The shift could throw a wrench into the country’s reform agenda – notably around the issue of pensions.
Marc Chandler, chief market strategist at Bannockburn Global Forex, noted “Bebianno may be sorely missed as the government tries to ensure that pension reform stays on track.” He said that pension reform is “seen as key to a host of other reforms, but in order to secure it, the government is willing to tactically retreat on measures so as not to antagonize the needed support.”
Chandler added that this “includes shelving plans to cut subsidies and open the economy to more foreign competition.”
Against this backdrop, he observed the dollar testing BRL3.80, after forging what seemed to be a “good base” near BRL3.70.
The pension reform may be submitted as soon as Wednesday to the lower house, which some analysts have said could produce around US$350bn in cost savings for the country over the next ten years.
Brazil’s real has risen over 4% against the U.S. dollar year-to-date, and futures market analyst Stephen Maass noted in a recent Hightower Report that while “Brazilian economic data has been lukewarm at best, many investors are hopeful that new President Bolsonaro will be able to enact reforms.”
Maass added that if Brazil’s local currency continues to gain ground, it will alleviate pressure on producers to export their supplies to foreign customers. He said this would impact export of soybeans and coffee, both of which have significant domestic consumption. “The strength of the real will also play into calculations for Brazil’s sugar mills before they start operations in April, as a rising currency combined with stronger energy prices could help to keep ethanol’s share of crushing above the 60% level.”
In the meantime, upcoming releases in Brazil through mid-week include:
Monday, February 25
- Current Account - Jan
- Foreign Direct Investment (FDI) – Jan
- Federal Taxes - Jan
Tuesday, February 26
- Bank Loans – Jan
Wednesday, February 27
- Unemployment Rate - Jan
Thursday, February 28
- GDP Growth (Q4’18)
In the latter part of the week, Brazil will offer an updated report on its rate of GDP growth for the fourth quarter of 2018.
Recent economic data suggests the country continues its gradual recovery from its 2015–16 recession.

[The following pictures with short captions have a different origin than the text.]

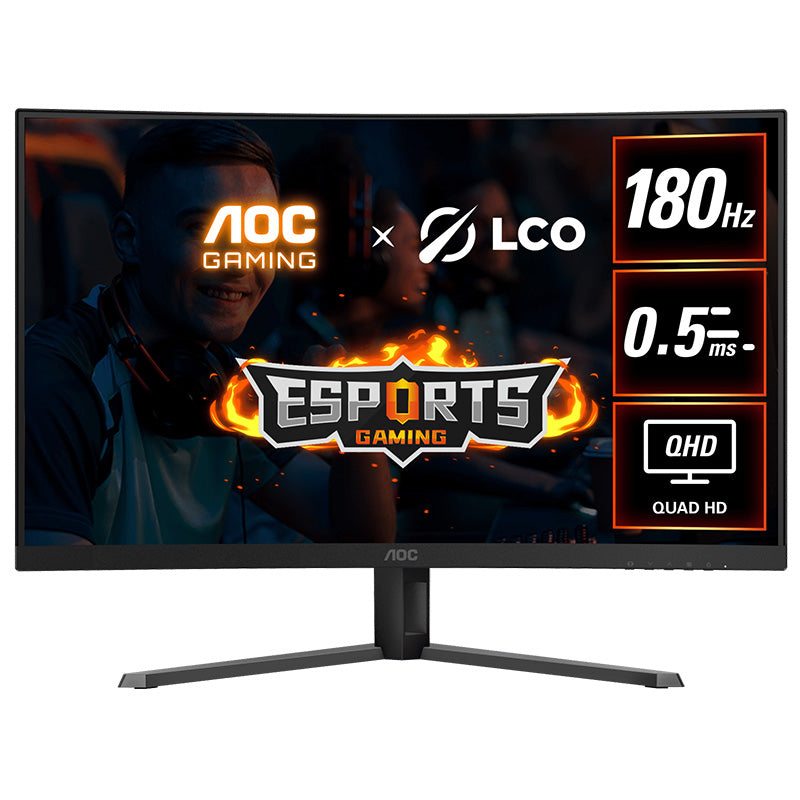 AOC 32in QHD HDR10 VA 180Hz Adaptive Sync Curved Gaming Monitor
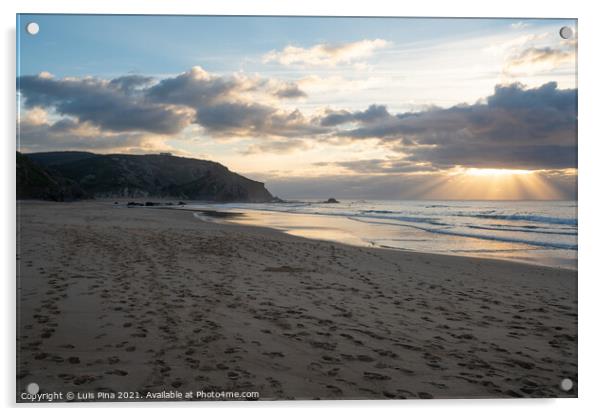 Praia do amado beach at sunset in Costa Vicentina, Portugal Acrylic by Luis Pina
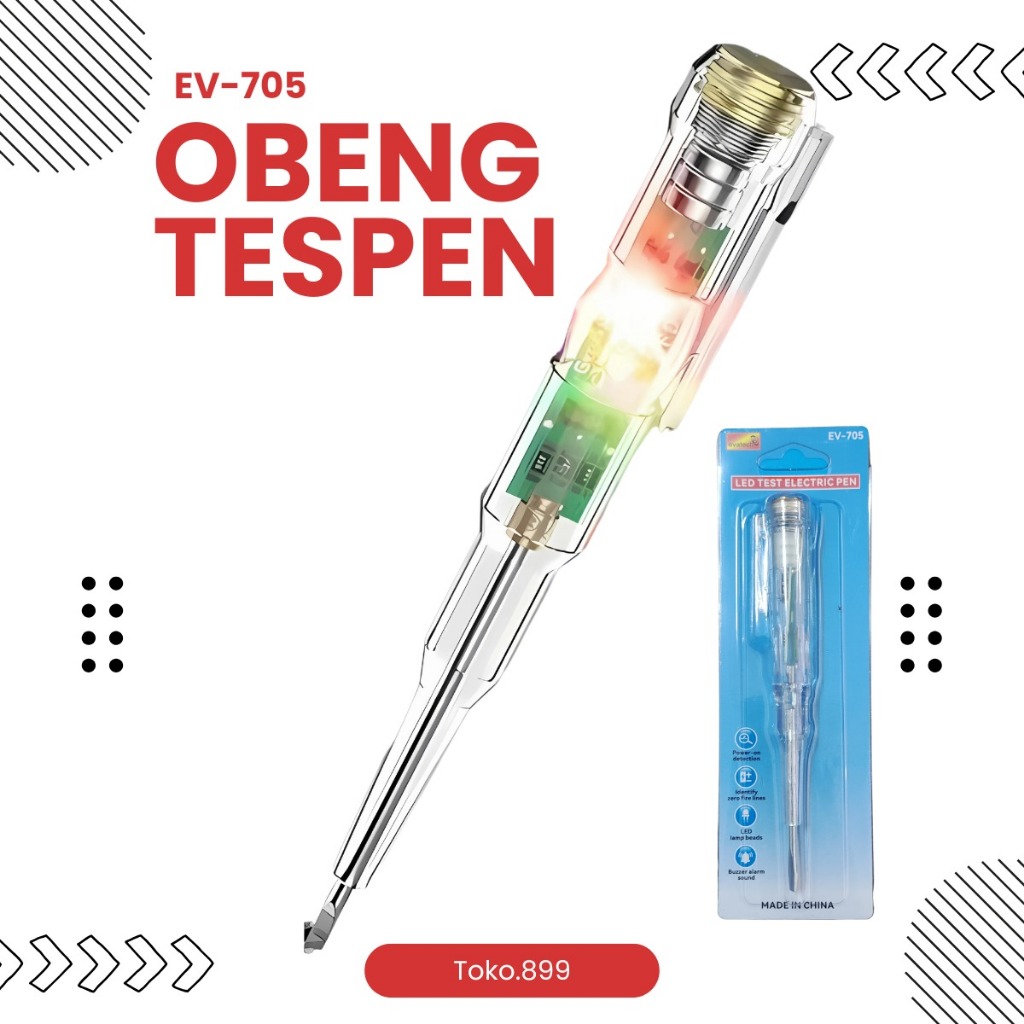 Jual Obeng Tespen EV-705 Minus Test Listrik / Tes Pen Lampu LED Merah ...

However, Brazil’s central bank said at its latest monetary policy meeting earlier in February that the global outlook “remains challenging,” amid headwinds such as trade conflicts and Brexit.
The bank’s Monetary Policy Committee (“Copom”) reiterated the need for economic stimulus and decided to keep the Selic rate at 6.5%.

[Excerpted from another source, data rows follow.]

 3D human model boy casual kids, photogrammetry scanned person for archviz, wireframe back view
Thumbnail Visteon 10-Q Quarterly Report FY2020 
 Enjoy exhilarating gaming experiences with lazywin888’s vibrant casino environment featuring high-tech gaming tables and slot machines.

The Copom also stressed that the evolution of reforms and necessary adjustments in the Brazilian economy is essential to maintain low inflation in the medium- and long-term, for the reduction of its structural interest rate, and for sustainable economic recovery. The central bank emphasized that the perception of continued reform “affects current expectations,” as well as macroeconomic expectations.

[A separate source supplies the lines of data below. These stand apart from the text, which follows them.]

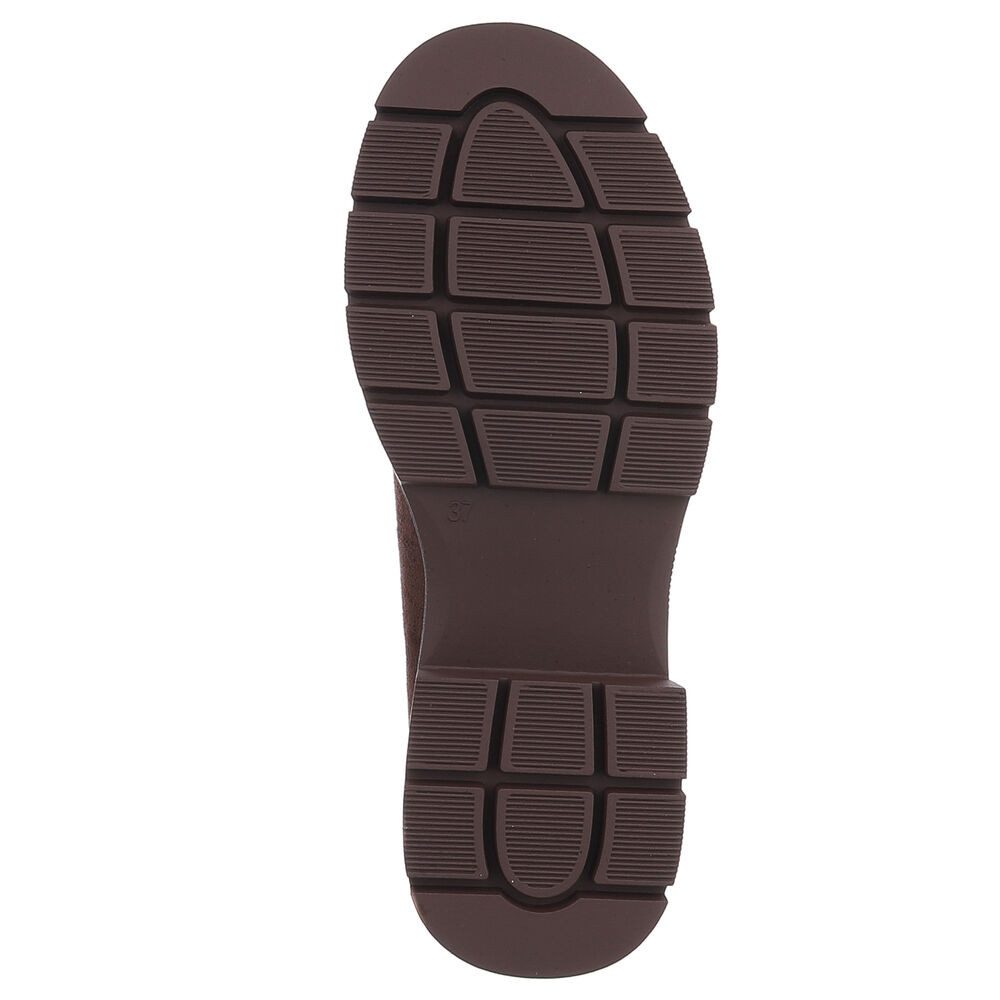 Ital-Design Elegante Damen Mokassin mit Fransen und Details Slipper (91154496) Blockabsatz Mokassins in Braun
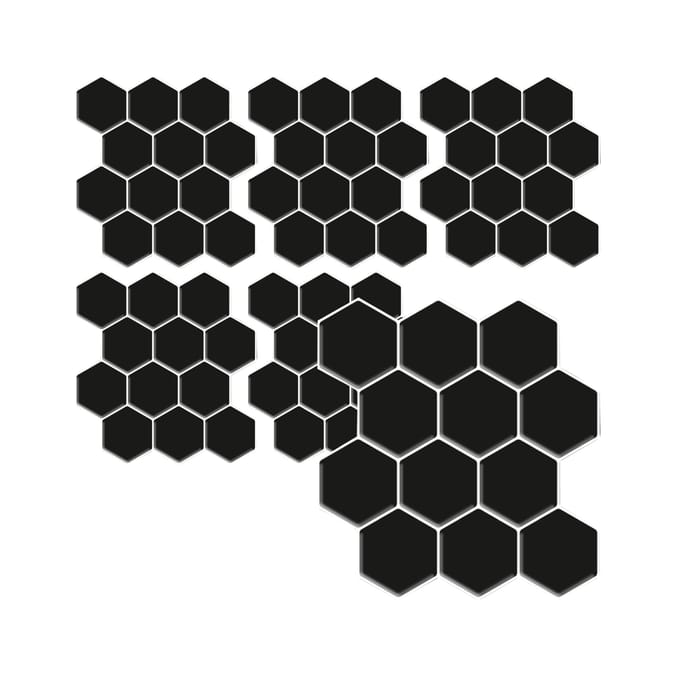 Stick Ease Self-Adhesive Vinyl Wall Tiles 3 Pack - Black Hexagon x2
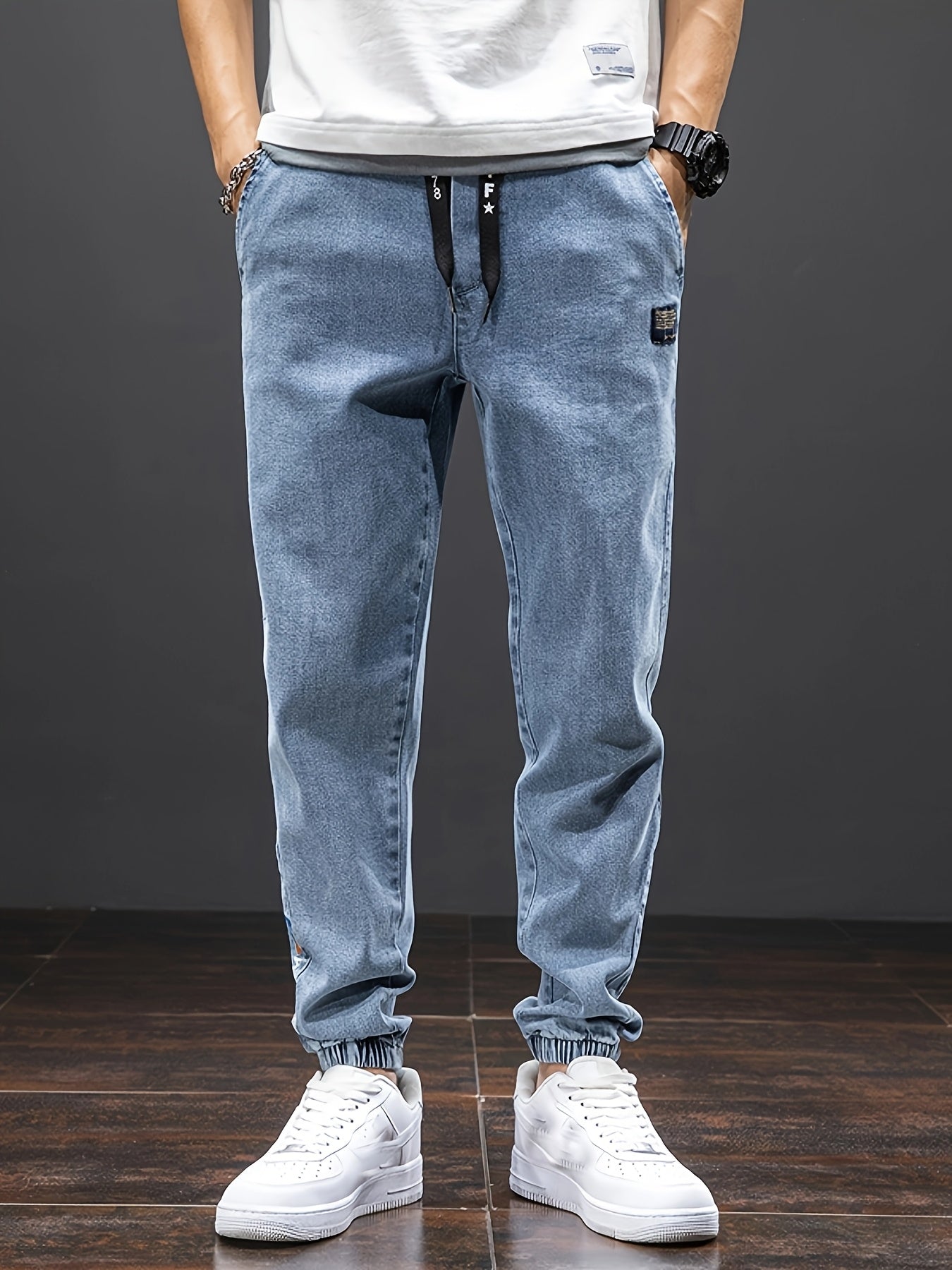 Men's Cropped Jeans with Elastic Waistband Solid Wash Denim Regular Fit All-Season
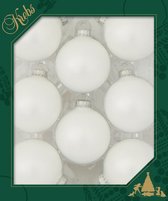 8x Satijn witte glazen kerstballen mat 7 cm kerstboomversiering - Kerstversiering/kerstdecoratie wit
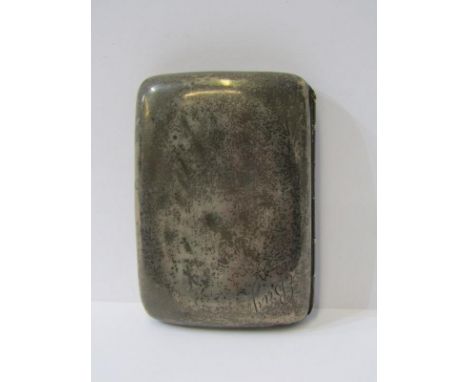 SILVER CIGARETTE CASE, plain bowed form silver cigarette case, Birmingham HM, 76.9 grams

Inflation expectations for 2019, 2020 and 2021 are around 3.9%, 4.0% and 3.75%, respectively, while GDP grew 1.3% year-on-year in Q3’18 following a downward revision to growth in the prior period of 0.9%.
According to the IMF’s World Economic Outlook, growth in Brazil is set to accelerate from 1.3% in 2018 to 2.5% in 2019, then taper to 2.2% in 2020, amid continued recovery from its recession.
Friday, March 1
- Consumer Confidence - Jan
- Markit Manufacturing PMI – Feb
- Trade Balance - Feb
Ahead of the weekend, investors will receive an update on consumer confidence following a steady climb in the index, with December marking the sixth straight month of inclines. Consumer confidence registered 114.3 in December, up from 113.6 in the prior month.
Also Friday, IHS Markit will unveil its Manufacturing Purchasing Managers’ Index (PMI) for February, after the previous month continued a string of solid increases in production and sales across the country, which Markit observed “have been evident since the end of the presidential elections.”
Pollyanna De Lima, IHS Markit principal economist, said that demand strength continued to be “supportive of the manufacturing industry at the start of the year, boosting sales, purchasing activity and output.”
She noted that buoyed by “this sustained upturn in domestic demand, factories lifted production at one of the strongest rates seen since early 2018.”
De Lima added that cost inflation “eased further, as improvements in the BRL/USD offered respite to manufacturers.” However, companies “hiked their fees to a greater extent, supported by robust demand conditions and in attempts to improve margins, which have been squeezed by sharp cost increases over the past year or so."
Brazil will also unleash updated trade figures Friday.
Investors will generally be watching the incoming data closely for any signs of further improvements in the economy, as well as strength in the country's currency.